Несомненно, судьба героя трагедии должна быть такой, ее сюжет таким, что все происшедшее обязательно представляется зрителю горестным, печальным, ужасным. Конечно, что может быть страшнее гибели Человека, особенно в том случае, когда этот человек вызывает наше сострадание. Шекспир так и поступает с героями своих трагедий: исход их один (за редчайшим исключением) - физическая гибель. Однако, вопре-

ки широко бытующему представлению, смерть героя совсем не обязательно должна быть единственно возможным исходом трагедии. Скажем, относительно благополучно заканчиваются многие трагедии Эсхила, Софокла, Еврипида. Даже французские классицисты, борцы за чистоту жанра, Корнель и Расин не обязательно убивают своих героев и героинь. Поэтому было бы обеднением трагической палитры формально сводить исход борьбы в трагедии исключительно к физической гибели героя или, наоборот, сомневаться в принадлежности пьесы к трагическому жанру только на том основании, что ее герой остался жив. Несомненно одно: судьба героя должна обязательно вызывать активное сострадание зрителя.

Например, одним из возможных исходов для трагического героя может быть его изгнание. Действительно, уже древним изгнание из отечества представлялось событием не менее трагическим, чем физическая гибель. Изгнанием из племени молодых героев (степных Ромео и Джульетты) завершается и трагедия «В ночь лунного затмения» замечательного башкирского драматурга Мустая Карима. А вот «Сид» П. Корнеля оканчивается даже не изгнанием, а вполне почетной отправкой героя в тяжелый военный поход, обрекающий его на долгую разлуку с отчизной и с возлюбленной Хименой, что послужило поводом для некоторых театроведов отнести «Сида» по жанру к трагикомедии. Вот грубейшая ошибка, основанная на чисто формальном моменте; при этом никак не учитывается полное отсутствие в пьесе хоть каких-либо признаков комизма. Да и как вообще может появиться трагикомедия - смешанная жанровая форма - в эпоху самого расцвета классицизма, тщательным образом следившего за соблюдением жанровой чистоты! Поистине: незнание законов жанра приводит к серьезным промахам даже тех, кто по долгу исследовательской профессии обязан помогать практикам, а не сбивать их с толку.

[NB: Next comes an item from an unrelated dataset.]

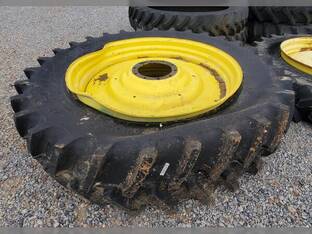 Firestone IF480/80R50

Силы, которые приводят героя к трагическому исходу, могут быть различными, характер их зависит, прежде всего, от тех общественно-исторических условий, в которые помещен драматургом герой трагедии. Но как бы ни понималась природа трагического конфликта на разных этапах истории, драматургия всегда следовала одному непреложному правилу: масштаб конфликта должен быть настолько общественно значим, что ему обязательно обеспечивается абсолютно серьезное внимание зрителя, а исход трагедии должен представлять явление, несущее в себе невосполнимую утрату или возможность такой утраты (в случае благополучного финала). Только впечатление общественной значимости событий трагедии может создать необходимый характер сопереживания

зрителей героям трагедии. Этот эффект создается не только накалом борьбы и страстей, но и приемом, который можно назвать обязательным эффектом публичности событий трагедии.

Действительно, уже в античной трагедии сам факт присутствия хора при всех, даже, казалось бы, самых «интимных» эпизодах, сообщает происходящему совершенно особый масштабный характер. Упразднение хора из ткани пьесы практически ничего не изменит ни в сюжете, ни в судьбах героев, ни в перипетиях борьбы, однако без хора трагедия, как таковая, не состоится. События ее предстанут перед нами, как частный случай, не затрагивающий никого, кроме его участников.

В дальнейшем функцию хора берут на себя многочисленные персонифицированные и безымянные наблюдатели событий трагедии, представленные, например, у Шекспира воинами, свитой, горожанами. События трагедии волнуют в равной мере всех участников, населяющих ее замкнутый мир. Действительно, «... жизнь шекспировских героев все время на виду, - констатирует А. Аникст. -...За редкими исключениями важнейшие, поворотные моменты в действии и судьбах героев происходят не келейно, а на людях и публично»[15]. Как здесь не вспомнить знаменитое пушкинское: «Что развивается в трагедии? Какая цель ее? Человек и народ. Судьба человеческая, судьба народная»[16]. Трагедии необходимы, по выражению Гамлета, «немые зрители финала», ибо их сочувствием или соучастием - сочувствие и сопричастность к событиям спектакля зрителей поднимается на высоту ощущения общественного (а еще лучше - всечеловеческого!) смысла происшедшей катастрофы.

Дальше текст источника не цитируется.